Most of the way down p 319, here’s the other surreptitious insertion of bats:  7th line up from the bottom: ‘Dragons’ wings flap like birds’ or bats’ wings flap–like the biggest bird (or bat) out of your worst nightmare’s wings flap.’  I think that’ll just fit, but if they need more space they can take out ‘among other things’ in the third line.  (I probably won’t know if they needed to till my paperback copies arrive and I look it up;  publishing schedules tend to be a bit absolute, and resetting lines isn’t normal behaviour for the paperback edition of a pre-existing hardback).

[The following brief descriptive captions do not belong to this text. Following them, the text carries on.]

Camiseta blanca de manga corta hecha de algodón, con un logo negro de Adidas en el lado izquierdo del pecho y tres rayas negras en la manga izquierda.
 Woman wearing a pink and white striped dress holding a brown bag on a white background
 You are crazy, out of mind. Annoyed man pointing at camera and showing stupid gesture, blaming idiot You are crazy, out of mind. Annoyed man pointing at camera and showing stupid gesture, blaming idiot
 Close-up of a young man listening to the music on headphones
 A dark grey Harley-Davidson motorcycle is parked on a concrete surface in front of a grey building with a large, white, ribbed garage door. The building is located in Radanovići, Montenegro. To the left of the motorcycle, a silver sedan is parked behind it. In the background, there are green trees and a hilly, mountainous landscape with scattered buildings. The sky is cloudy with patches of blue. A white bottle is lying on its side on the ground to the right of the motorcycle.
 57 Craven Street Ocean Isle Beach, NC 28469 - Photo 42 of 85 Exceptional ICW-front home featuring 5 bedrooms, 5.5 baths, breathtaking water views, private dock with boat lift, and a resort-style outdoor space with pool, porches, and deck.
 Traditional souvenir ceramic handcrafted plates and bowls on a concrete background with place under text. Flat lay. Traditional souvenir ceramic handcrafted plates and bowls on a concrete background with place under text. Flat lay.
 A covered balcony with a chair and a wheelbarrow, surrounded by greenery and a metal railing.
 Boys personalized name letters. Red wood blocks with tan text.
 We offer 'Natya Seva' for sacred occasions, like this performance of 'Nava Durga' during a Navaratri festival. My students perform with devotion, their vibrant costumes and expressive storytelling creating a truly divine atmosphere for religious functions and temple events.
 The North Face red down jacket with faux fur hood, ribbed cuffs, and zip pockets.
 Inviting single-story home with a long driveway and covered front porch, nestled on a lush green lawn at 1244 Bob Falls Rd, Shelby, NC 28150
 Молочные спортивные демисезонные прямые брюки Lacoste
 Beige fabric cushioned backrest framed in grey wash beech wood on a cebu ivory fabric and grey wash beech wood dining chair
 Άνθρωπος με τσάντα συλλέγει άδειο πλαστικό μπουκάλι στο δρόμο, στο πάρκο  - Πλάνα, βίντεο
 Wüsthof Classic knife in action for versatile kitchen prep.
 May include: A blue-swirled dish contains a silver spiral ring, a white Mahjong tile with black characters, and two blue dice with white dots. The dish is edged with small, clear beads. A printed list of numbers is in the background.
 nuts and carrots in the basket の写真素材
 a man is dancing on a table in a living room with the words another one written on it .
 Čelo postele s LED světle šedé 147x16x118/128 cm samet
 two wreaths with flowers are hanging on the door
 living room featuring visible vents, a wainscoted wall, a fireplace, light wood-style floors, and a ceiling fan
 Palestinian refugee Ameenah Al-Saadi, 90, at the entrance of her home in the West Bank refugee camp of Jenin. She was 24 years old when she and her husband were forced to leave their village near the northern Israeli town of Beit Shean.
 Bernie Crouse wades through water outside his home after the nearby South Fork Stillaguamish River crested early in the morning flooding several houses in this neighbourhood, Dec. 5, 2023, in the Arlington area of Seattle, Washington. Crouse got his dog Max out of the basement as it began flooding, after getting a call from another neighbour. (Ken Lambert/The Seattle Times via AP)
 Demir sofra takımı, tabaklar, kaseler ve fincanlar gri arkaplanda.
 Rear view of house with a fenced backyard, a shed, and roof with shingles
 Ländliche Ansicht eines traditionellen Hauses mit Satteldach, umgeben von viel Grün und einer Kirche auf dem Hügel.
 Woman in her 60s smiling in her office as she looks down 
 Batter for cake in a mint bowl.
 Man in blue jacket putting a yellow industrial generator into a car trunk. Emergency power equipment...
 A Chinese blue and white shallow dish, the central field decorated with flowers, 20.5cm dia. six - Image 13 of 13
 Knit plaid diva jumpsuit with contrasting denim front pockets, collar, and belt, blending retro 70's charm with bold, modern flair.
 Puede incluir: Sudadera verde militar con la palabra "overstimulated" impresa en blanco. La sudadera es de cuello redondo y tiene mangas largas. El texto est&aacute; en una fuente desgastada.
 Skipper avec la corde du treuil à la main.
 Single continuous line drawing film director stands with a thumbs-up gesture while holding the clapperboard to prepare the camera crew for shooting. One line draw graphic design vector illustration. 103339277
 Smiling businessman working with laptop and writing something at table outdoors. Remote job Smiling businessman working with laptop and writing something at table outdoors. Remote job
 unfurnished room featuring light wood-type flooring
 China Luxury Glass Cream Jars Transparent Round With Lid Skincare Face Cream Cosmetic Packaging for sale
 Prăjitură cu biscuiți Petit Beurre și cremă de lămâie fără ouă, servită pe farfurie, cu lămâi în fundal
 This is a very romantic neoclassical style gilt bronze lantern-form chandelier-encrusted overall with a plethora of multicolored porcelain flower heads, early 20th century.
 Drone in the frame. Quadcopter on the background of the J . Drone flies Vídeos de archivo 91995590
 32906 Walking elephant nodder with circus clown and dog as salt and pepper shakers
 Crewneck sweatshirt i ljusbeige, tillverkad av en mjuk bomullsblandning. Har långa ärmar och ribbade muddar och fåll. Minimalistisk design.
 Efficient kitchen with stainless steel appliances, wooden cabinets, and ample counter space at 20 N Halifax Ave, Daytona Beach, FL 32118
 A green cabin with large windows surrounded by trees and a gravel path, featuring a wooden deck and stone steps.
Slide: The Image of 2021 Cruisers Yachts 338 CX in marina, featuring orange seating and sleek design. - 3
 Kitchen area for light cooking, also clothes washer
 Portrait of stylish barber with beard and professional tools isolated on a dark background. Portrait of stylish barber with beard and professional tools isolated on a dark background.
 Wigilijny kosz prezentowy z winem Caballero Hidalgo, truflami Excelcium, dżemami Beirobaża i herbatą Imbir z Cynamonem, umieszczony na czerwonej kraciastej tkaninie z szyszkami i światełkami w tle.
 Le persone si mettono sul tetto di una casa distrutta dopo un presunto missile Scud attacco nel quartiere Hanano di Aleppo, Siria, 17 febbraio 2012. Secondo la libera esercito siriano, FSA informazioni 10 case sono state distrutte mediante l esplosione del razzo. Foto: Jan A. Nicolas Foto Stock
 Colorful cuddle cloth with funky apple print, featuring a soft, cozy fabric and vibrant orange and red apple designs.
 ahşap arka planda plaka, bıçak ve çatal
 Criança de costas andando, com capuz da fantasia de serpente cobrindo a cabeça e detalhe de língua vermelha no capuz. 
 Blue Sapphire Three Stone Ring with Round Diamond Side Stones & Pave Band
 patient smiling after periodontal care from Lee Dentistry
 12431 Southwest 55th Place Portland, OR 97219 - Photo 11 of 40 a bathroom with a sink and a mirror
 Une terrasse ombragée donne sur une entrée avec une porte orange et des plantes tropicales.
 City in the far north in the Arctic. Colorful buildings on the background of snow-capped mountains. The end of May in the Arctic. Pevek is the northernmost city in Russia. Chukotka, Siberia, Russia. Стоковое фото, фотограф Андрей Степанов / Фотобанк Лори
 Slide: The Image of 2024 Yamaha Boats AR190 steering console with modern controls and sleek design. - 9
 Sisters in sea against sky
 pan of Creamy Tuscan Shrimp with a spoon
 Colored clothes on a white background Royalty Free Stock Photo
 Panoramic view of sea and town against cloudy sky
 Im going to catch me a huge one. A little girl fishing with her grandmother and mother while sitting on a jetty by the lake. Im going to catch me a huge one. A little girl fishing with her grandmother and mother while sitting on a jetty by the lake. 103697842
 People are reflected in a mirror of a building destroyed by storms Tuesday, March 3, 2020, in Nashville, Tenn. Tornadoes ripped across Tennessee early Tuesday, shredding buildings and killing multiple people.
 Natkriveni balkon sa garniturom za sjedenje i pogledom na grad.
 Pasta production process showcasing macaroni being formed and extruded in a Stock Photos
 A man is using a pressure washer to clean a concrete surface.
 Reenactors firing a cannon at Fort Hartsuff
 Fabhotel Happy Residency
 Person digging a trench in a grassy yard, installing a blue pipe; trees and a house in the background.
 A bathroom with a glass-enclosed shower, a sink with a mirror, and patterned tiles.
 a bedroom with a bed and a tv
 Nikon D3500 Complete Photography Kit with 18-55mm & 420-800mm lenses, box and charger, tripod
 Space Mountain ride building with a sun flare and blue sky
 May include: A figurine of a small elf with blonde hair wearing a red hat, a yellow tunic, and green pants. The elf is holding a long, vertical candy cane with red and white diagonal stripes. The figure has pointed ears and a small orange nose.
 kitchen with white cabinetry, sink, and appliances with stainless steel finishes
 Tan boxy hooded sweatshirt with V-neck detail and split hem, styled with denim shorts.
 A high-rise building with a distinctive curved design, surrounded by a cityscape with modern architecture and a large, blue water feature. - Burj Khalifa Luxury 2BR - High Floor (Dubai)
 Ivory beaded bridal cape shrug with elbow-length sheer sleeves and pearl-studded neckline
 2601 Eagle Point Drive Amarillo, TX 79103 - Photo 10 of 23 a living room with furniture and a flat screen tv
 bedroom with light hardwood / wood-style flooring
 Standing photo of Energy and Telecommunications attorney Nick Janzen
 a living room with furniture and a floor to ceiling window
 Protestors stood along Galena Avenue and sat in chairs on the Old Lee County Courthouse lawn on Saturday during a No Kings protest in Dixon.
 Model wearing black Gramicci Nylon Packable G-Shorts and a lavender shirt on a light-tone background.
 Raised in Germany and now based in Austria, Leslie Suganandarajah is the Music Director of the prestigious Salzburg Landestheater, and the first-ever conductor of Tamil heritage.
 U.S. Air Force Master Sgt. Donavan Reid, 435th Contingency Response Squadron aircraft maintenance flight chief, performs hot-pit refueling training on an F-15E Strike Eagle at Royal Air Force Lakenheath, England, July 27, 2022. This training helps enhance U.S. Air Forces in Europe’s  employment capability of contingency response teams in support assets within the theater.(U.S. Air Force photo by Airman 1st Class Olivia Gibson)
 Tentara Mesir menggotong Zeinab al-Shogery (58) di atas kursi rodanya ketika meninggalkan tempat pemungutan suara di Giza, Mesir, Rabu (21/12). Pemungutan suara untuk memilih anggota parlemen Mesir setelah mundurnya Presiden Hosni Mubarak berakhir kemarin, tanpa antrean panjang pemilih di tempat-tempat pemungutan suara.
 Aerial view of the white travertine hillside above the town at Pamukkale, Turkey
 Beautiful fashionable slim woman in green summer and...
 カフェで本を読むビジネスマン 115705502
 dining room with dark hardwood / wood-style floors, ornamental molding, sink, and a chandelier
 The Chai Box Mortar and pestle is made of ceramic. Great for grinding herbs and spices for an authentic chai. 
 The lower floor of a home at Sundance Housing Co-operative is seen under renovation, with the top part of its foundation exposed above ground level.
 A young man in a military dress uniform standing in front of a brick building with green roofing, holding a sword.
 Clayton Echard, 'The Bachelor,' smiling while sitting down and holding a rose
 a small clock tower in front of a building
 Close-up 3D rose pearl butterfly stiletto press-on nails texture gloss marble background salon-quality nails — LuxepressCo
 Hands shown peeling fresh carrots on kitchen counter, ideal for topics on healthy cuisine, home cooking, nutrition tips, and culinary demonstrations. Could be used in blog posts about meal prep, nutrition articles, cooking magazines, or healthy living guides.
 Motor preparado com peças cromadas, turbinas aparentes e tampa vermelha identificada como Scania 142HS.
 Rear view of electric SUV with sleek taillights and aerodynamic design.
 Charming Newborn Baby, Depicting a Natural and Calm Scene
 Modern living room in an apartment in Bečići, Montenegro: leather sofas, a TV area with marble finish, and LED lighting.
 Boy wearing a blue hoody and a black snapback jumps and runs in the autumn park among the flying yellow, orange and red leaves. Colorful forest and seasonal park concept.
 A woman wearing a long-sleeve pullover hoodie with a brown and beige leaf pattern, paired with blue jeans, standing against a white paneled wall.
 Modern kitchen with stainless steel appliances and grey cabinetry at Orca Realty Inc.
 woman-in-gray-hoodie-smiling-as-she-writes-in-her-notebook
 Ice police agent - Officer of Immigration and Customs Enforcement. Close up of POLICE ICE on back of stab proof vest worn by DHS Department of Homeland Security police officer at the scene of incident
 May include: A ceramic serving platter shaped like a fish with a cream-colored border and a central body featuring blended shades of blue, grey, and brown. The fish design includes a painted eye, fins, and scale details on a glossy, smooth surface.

            I’m a card-carrying member of the Bat Conservation Trust!  If this gets out they’ll probably ride me out of town on a rail!†† 

* * *

* You could even write it in.  When, where, and who by was it decided that books are too delicate and/or sacred to be written in?  I grew up believing that a fingerprint or a dog-eared page was a life-sentence felony.  I don’t remember now when I lost this straitjacket taboo but I suspect it was after I started reading nonfiction for pleasure and especially after I started finding myself using peculiar little snatches of my reading in my stories.^ It was a source of some distress, at first, to think that I couldn’t just read.^^  But then I steadied down and got used to the idea that when you’re a writer, EVERYTHING is material.^^^  And I really like my written-in books.  They’re like comfortable chairs I can curl up in rather than severe upright professorial chairs you have to sit straight and keep both feet flat on the floor in+.  Also I have half a chance of finding something again when I know I wrote something in the margin next to it.  I still don’t do it much to fiction, although I’ll draw a star next to something I particularly liked.  (Or an exclamation mark against something I think particularly dumb or ridiculous.)  And I’m very careful of illustrated or beautiful books:  I certainly don’t colour in my E H Shepherd or Edward Ardizzone line drawings, and I only handle my Edmund Dulacs at all with carefully washed hands and an absence of rioting hellhounds.

^ This started with BEAUTY.  I’d just been reading about making charcoal.

^^ Remember I wrote BEAUTY when I was twenty-four, so still relatively young and still relatively recently escaped forever from formal schooling.  Yes, I did make it through college to my BA, but it took two tries.

^^^ Secretly I’d known this all along.  But I wasn’t ready to admit it.  Those jokes about the cold-blooded exploitations performed by an author in pursuit of a story . . . are not entirely jokes.

+ Although I am more or less incapable of sitting upright in a chair and keeping both feet flat on the floor.

** So, what’s the consensus on Dr Horrible?  [very small semi-spoiler alert]  I was kind of nonplussed by ep 3.  The careering speed of the change of tone gave me whiplash, I think^, and even before the “£$%&^{[# I kind of thought Captain Hammer’s song had gone on too long.  But I really enjoyed the !”£$%^&*~ and especially the @?+88=*, and I’ll be looking for the DVD not least because it’ll be sure to have extra bits. 

            Anybody out there read the right gossip sites?  Is he going to go on with it? 

^ But a friend suspects it’s really a dream sequence, which would also explain &^010(!” and ##?>%<$, and would leave ep 4 wide open.

*** I could tell you stories . . . but I’m not going to.  As I keep saying, this is a family blog.  Well, mostly.

† Some read this blog.  Ahem.

†† Hmmm.  I think I’m in the wrong country for forced rail-riding.  Not to mention the wrong century.  Good.

Silly hellhounds, editorial muted shrieks

So, is everyone seeing them side by side with the right-hand text column bang through the right-hand one?  I loaded them to follow each other, and when I tried to move them around just now, nothing happens back here at the edit window, but when I click back through to what’s showing on the blog of course they’ve climbed on top of each other.  So I dragged them back.  I hope.  Whimper.  Blogmom, help. . . .  There has got to be a way, but the $64K question is can I learn it?